So I built a Slack bot to fix my own workflow. Figured I'd share it.
What it does:
"/incident start sev2 API latency spike" creates a dedicated channel, invites whoever's on-call, pins the details, and starts recording a timeline. When you run "/incident resolve", it uses GPT-4 to analyze the entire channel conversation and generate a postmortem draft: summary, root cause, event timeline, action items.
The key insight: the actual diagnosis usually happens in casual messages ("wait, I think the connection pool is exhausted") not in formal status updates. So the AI reads everything, not just what was labeled important.
Stack: - TypeScript + Slack Bolt - Prisma + Postgres - OpenAI API for postmortem generation - PagerDuty integration for escalations
Other stuff it handles: - Update severity of an incident with "/incident severity <sev1|sev2|sev3|sev4>" - On-call scheduling with automatic weekly/daily rotation - Paging with escalation chains (Slack DMs → PagerDuty if configured) - Jira ticket creation for incidents within slack with "/incident ticket <title>" - Basic analytics (incidents per on-call, MTTR)

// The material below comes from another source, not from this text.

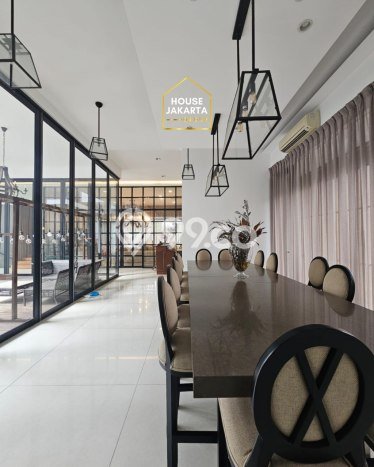 Siap Huni Hunian Elit 7 Kamar di Kebayoran Baru Dekat ke Mana Saja Siap Huni Hunian Elit 7 Kamar di Kebayoran Baru Dekat ke Mana Saja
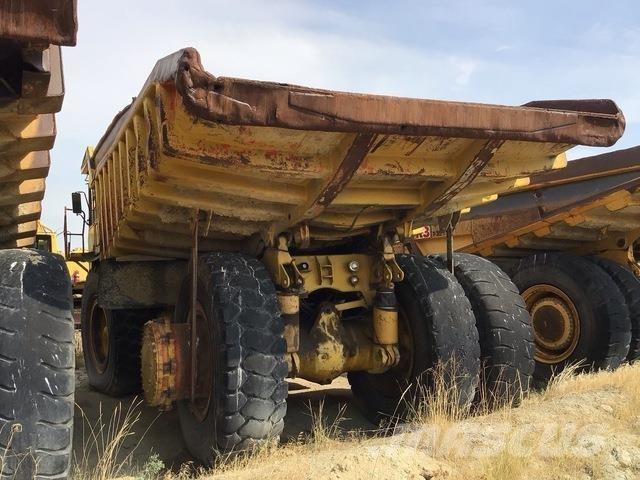 CAT 777 Шарнирно-сочленённые самосвалы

What I learned building this: 1. Slack's API is actually pretty good now. The Bolt framework handles most of the OAuth/event subscription pain. 2. Getting AI to write useful postmortems required being very explicit about event types. Without context about what's a "status update" vs a "debug message," it would hallucinate causes. 3. On-call scheduling is surprisingly complex. Timezone handling, rotation boundaries, handoff notifications, each is a rabbit hole.
Honest limitations: - Only works for teams already living in Slack - AI postmortems need human review, it can miss context from calls/video chats - Only a couple of integrations (the ones I use, but can add more, like Linear, github issues, etc...)
Code isn't open source (yet?), but happy to answer architecture questions. Been running this with my own team for approx. 2 months.
Landing page: https://incidentops.io
Would appreciate feedback, especially from SREs who've built similar internal tools. What am I missing?